▶
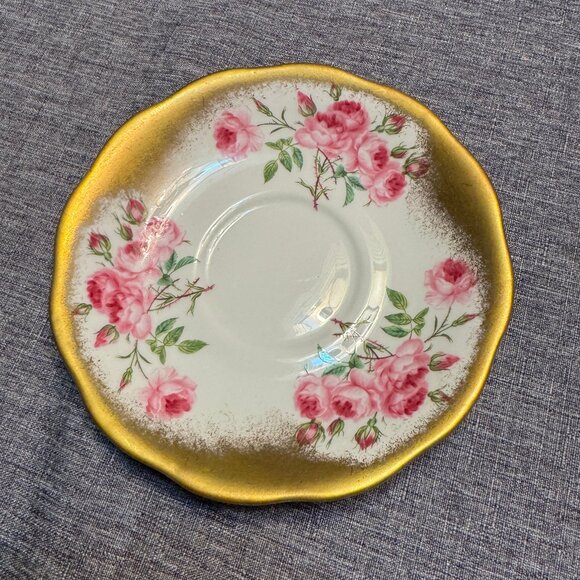 ROYAL STANDARD saucer, Vintage fine bone china, white & gold with pink roses - Picture 2 of 3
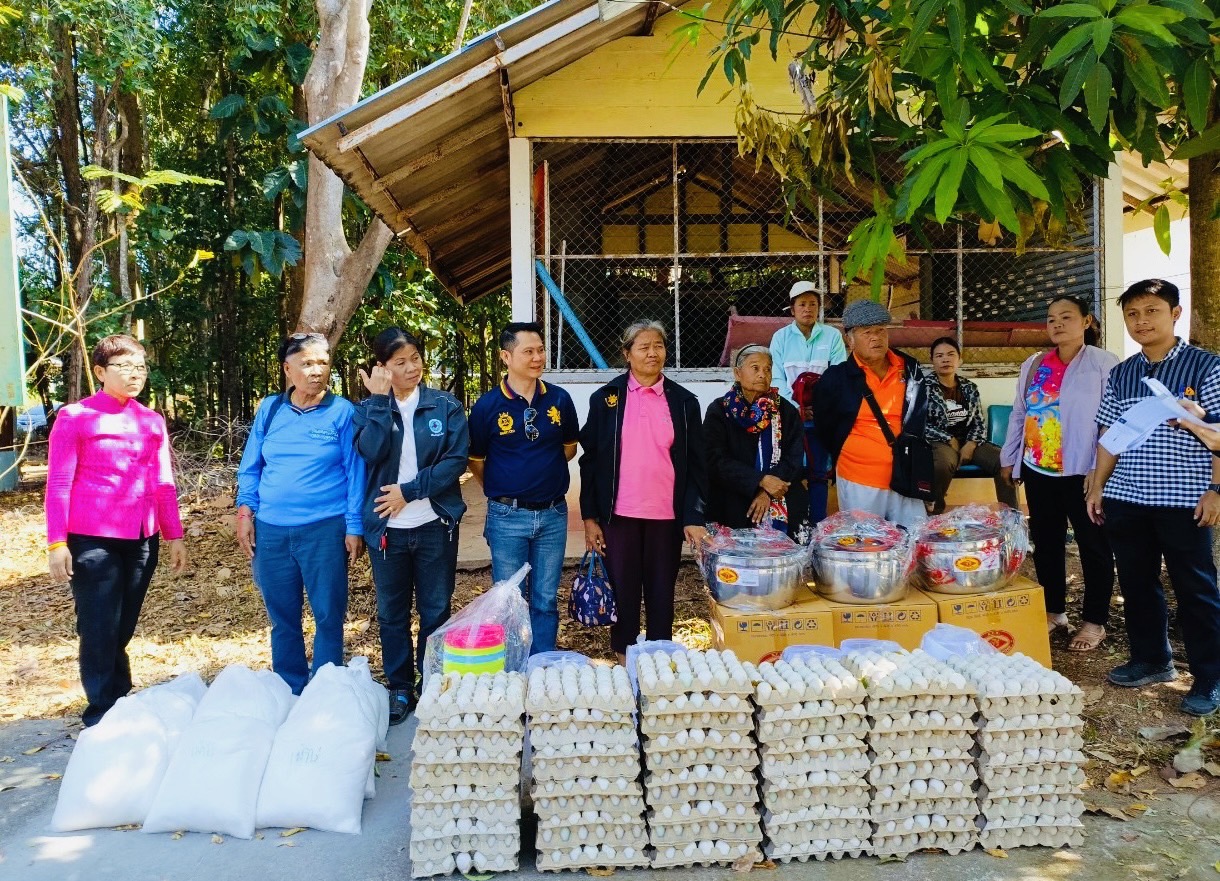 พช.หนองคาย ดำเนินโครงการพัฒนาและยกระดับคุณภาพชีวิตครัวเรือนยากจน ตามแนวทางสัมมาชีพชุมชนสู่ความยั่งยืน กิจกรรมย่อยที่ 3 สนับสนุนวัสดุสาธิตอาชีพตามความถนัดของกลุ่มเป้าหมาย ภายใต้โครงการสืบสานภูมิปัญญาพัฒนาเศรษฐกิจฐานรากสู่ความยั่งยืน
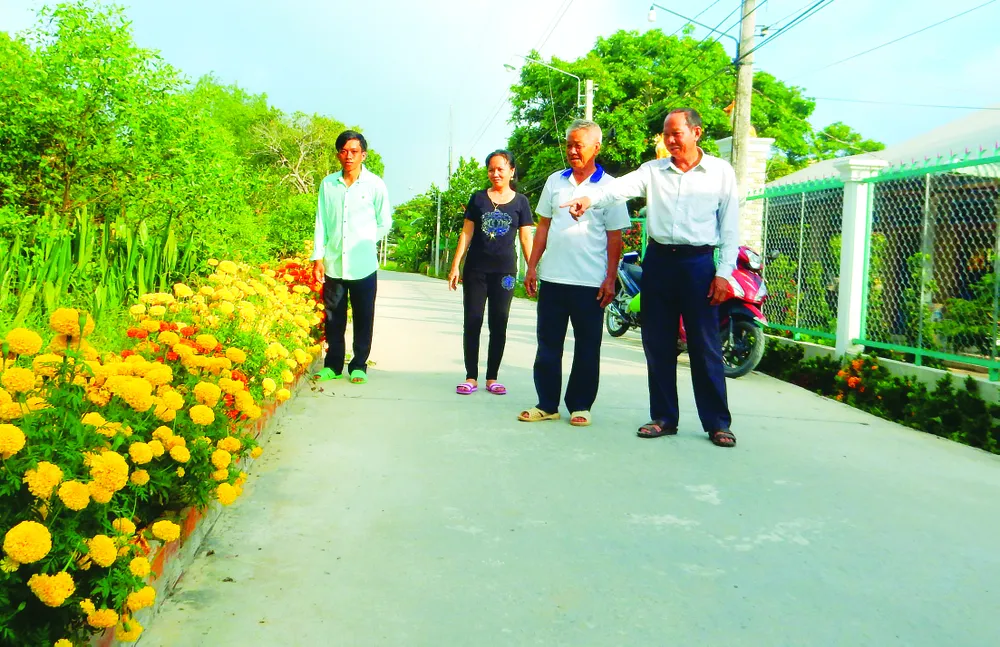 Trồng hoa tạo cảnh quan ven đường ở tỉnh Tiền Giang. Ảnh: NGỌC PHÚC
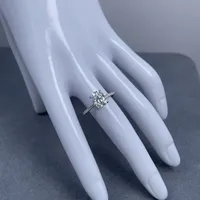 Bague élégante en argent sterling 925 avec moissanite MuShan Designer Jewelry, plaquée or 18 carats, pour petite amie, brevet MST, bagues GRA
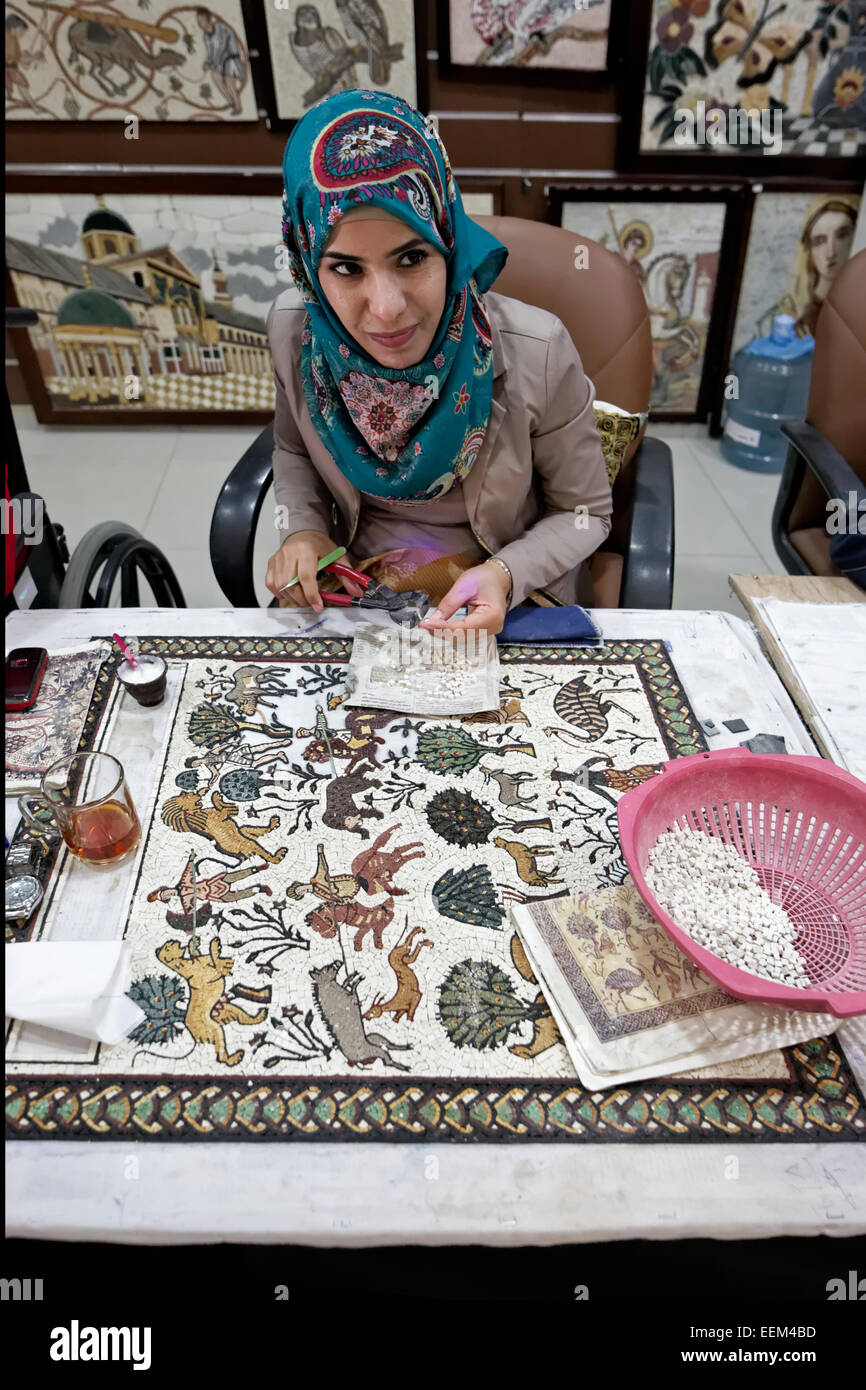 Donna al lavoro su replica del celebre mosaico di epoca bizantina Monastero Francescano Chiesa, il Monte Nebo, vicino a Madaba, Giordania Foto Stock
◀
§ **What this task involves**
Repeat the listing above exactly from its first line to the line containing "Bague élégante en", both included, and omit the pictures.

§ **Solution to this task**
 ROYAL STANDARD saucer, Vintage fine bone china, white & gold with pink roses - Picture 2 of 3
 พช.หนองคาย ดำเนินโครงการพัฒนาและยกระดับคุณภาพชีวิตครัวเรือนยากจน ตามแนวทางสัมมาชีพชุมชนสู่ความยั่งยืน กิจกรรมย่อยที่ 3 สนับสนุนวัสดุสาธิตอาชีพตามความถนัดของกลุ่มเป้าหมาย ภายใต้โครงการสืบสานภูมิปัญญาพัฒนาเศรษฐกิจฐานรากสู่ความยั่งยืน
 Trồng hoa tạo cảnh quan ven đường ở tỉnh Tiền Giang. Ảnh: NGỌC PHÚC
 Bague élégante en argent sterling 925 avec moissanite MuShan Designer Jewelry, plaquée or 18 carats, pour petite amie, brevet MST, bagues GRA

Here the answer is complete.